These data largely support the systems theoretical explanation [15–20] that greater flexibility is needed in more variable habitats. Our results align with the idea that locals develop more flexible mindsets, including more open-mindedness towards local minority groups, under conditions of more stressful variabilities in day length, temperature, and daily precipitation. The results also support the theoretical idea from climato-economic theory [21,22], that the impact of more variable habitats on flexibility towards minority groups is reinforced by higher economic wealth, as collective cash and capital amplify flexible courses of action for everyone. The observed wealth-modified impact of habitat variability on governance quality, own habitat satisfaction, and perceived livability for minorities complements theories about simple main effects of economic [5,30–33] and institutional [33] development on collective psychosocial functioning. Furthermore, the variability-flexibility explanation may offer new perspectives on established theories, such as the tightness-looseness theory of culture [35,36].
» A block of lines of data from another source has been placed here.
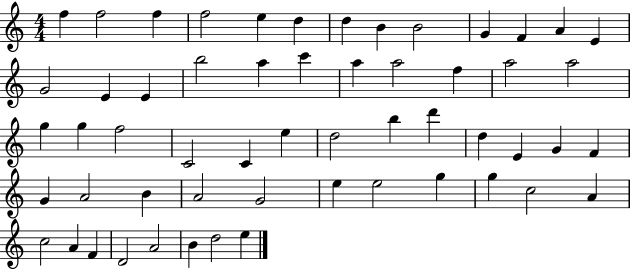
X:1
T:Untitled
M:4/4
L:1/4
K:C
f f2 f f2 e d d B B2 G F A E G2 E E b2 a c' a a2 f a2 a2 g g f2 C2 C e d2 b d' d E G F G A2 B A2 G2 e e2 g g c2 A c2 A F D2 A2 B d2 e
Tight societies are characterized by strict social norms and harsh punishments for deviation, whereas loose societies are characterized by more flexible social norms and greater tolerance for deviant behavior [35]. Our findings suggest that life is perceived as better for minorities in looser cultures situated in more variable habitats at higher latitudes. The geographical distributions of preindustrial and contemporary hierarchism and collectivism support this speculation: tight, vertically collectivist cultures peak at the equator and taper off towards the North and South Poles [11]. Conversely, loose, horizontally individualist cultures increase in more variable habitats at higher latitudes. Similarly, our present findings indicate that tight autocratic versus loose democratic governance mediates the wealth-modified impact of greater habitat variability on the perceived better livability for minorities at higher latitudes.
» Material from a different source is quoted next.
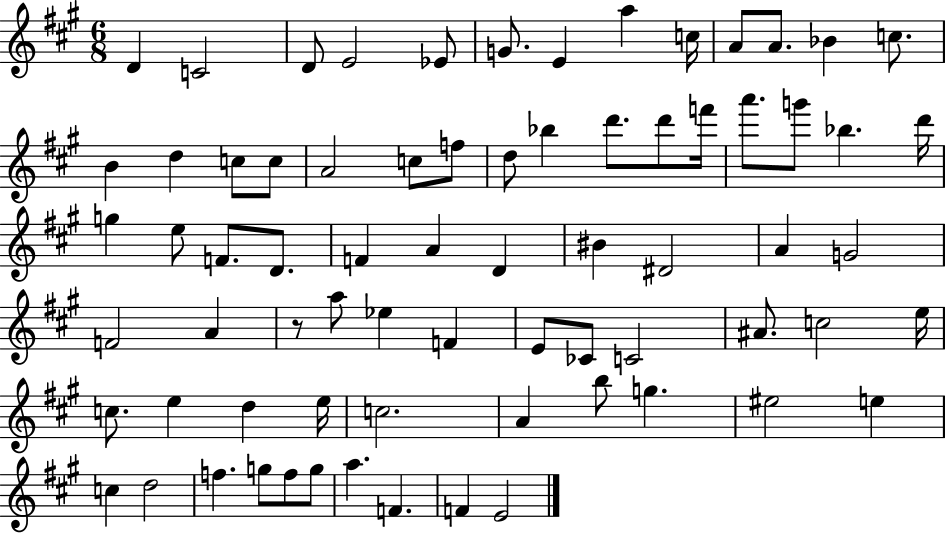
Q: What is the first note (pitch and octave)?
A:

The variability-flexibility explanation also informs Berry’s eco-cultural framework [37]. His model examines how background variables, like ecological and socio-political contexts, influence process variables, including cultural practices and societal structures, which ultimately shape psychological variables. While the complex natural ecology of mindsets and practices [5,23], as depicted for perceived livability in Fig 2, shares a similar conceptual structure, it introduces two fundamental geographical and ecological innovations. From a geographical perspective, the natural ecology model underscores that inhabitants’ mental and behavioral habits in physical habitats can be meaningfully related to latitude, longitude, and equatorial reversals of north-south habit gradients [5]. Ecologically, this model emphasizes that inhabitants’ mental and behavioral habits are linked to habitat variability—notably differences in day length, temperature, and daily precipitation—and consequently to variabilities in plant and animal life. It also incorporates a fresh viewpoint on the biotic ecology of prejudice and discrimination [11].
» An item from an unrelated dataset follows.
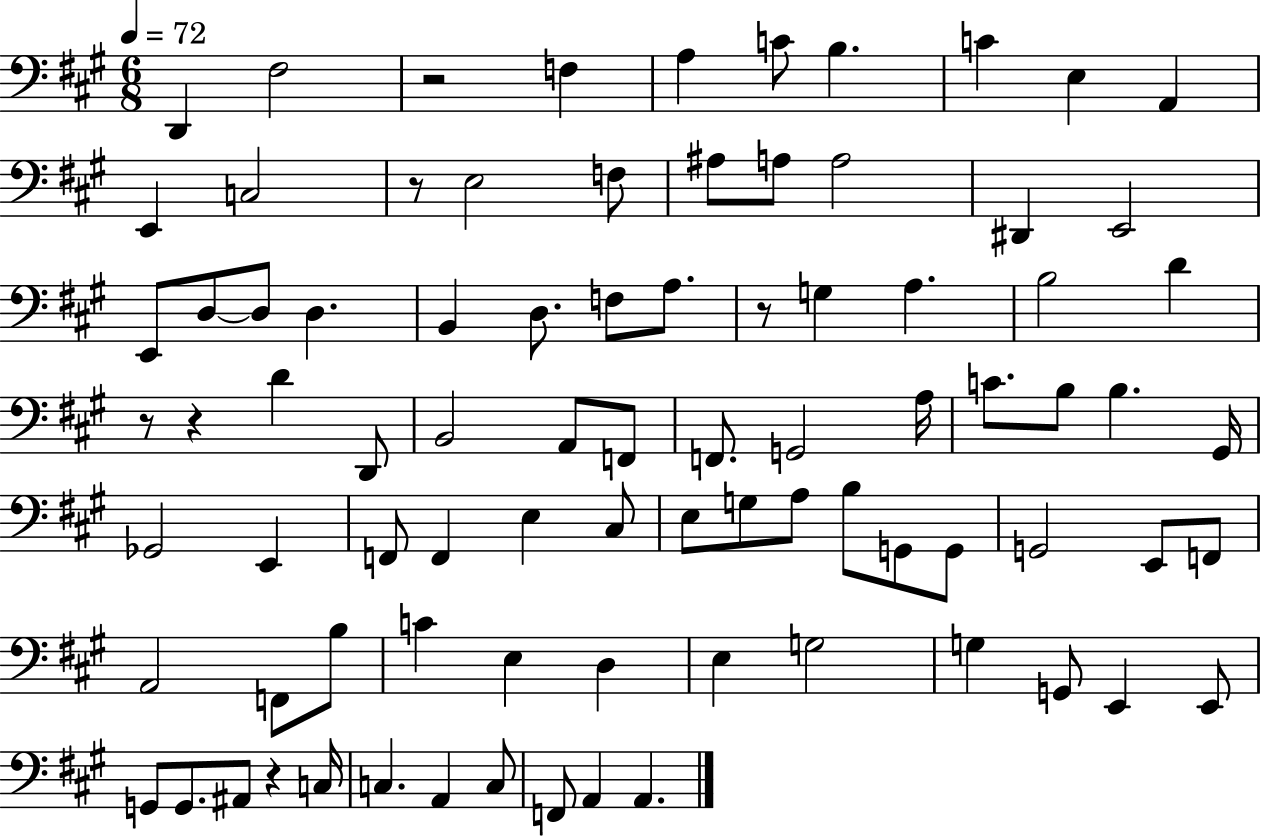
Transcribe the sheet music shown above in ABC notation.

Consider, for example, the rice-wheat theory, which argues that due to the intensity and reciprocity of labor exchanges, the differentiation and discrimination between ingroups and outgroups became stronger in rice regions than in wheat regions [7,8]. The present findings might suggest a complementary explanation: rice habitats are less variable than wheat habitats, leading to more outgroup discrimination and worse livability for minority groups. Similarly, the pathogen-stress theory posits that inhabitants of regions with higher pathogen prevalence became more collectivistic and ethnocentric to avoid potentially disease-carrying strangers [9,10]. The present findings might suggest that higher pathogen prevalence and greater habitat stability both contribute to increased outgroup discrimination and worse livability for minority groups. In both theories, annual habitat variability provides a complementary explanation to annual average temperature, with the rationale being that warm-blooded humans respond primarily to deviations from the annual average temperature [22].
Indeed, our explanatory ecological model reveals that pathogenic diseases do not uniquely affect perceived livability for minorities beyond the wealth-dependent effects of habitat variability. Instead, though overshadowed by the more immediate mediating effect of governance quality, pathogen prevalence may serve as an additional mediator of the interaction effect shown in Fig 4. Regardless of interpretation, the results imply that purely economic, political, or psychosocial explanations of perceived livability for minorities are incomplete. Such explanations might falsely suggest that the economic, political, and psychosocial layers of the environment are not embedded within layers of varying biotic and abiotic habitats. Importantly, purely economic, political, and psychosocial explanations—including personal, interpersonal and intergroup explanations [12,14]—fail to account for the opposite north-south gradients of perceived livability for minorities above and below the thermal equator at 6° N [34], and for the relatively negligible east-west gradients of perceived livability for minorities (Fig 3).
The wealth-dependent explanation of perceived livability for minorities in terms of habitat variability is no exception to the general rule that a theory is stronger when it meets the criteria of parsimony, generality, and accuracy [38–40]. However, no theory can perfectly satisfy all three. Any explanation that fulfills two of these criteria often struggles to meet the third. In this study, the parsimony and generality are achieved by focusing on single variables. Habitat variability is the common denominator of deviations from constant day length, average temperature, and stable wet and dry seasons, which in turn affect continuous crop growth and pathogen stress throughout the year [2–5,22]. Perceived livability for minorities is the common denominator of all the positively viewed elements of the natural, institutional and interpersonal environment.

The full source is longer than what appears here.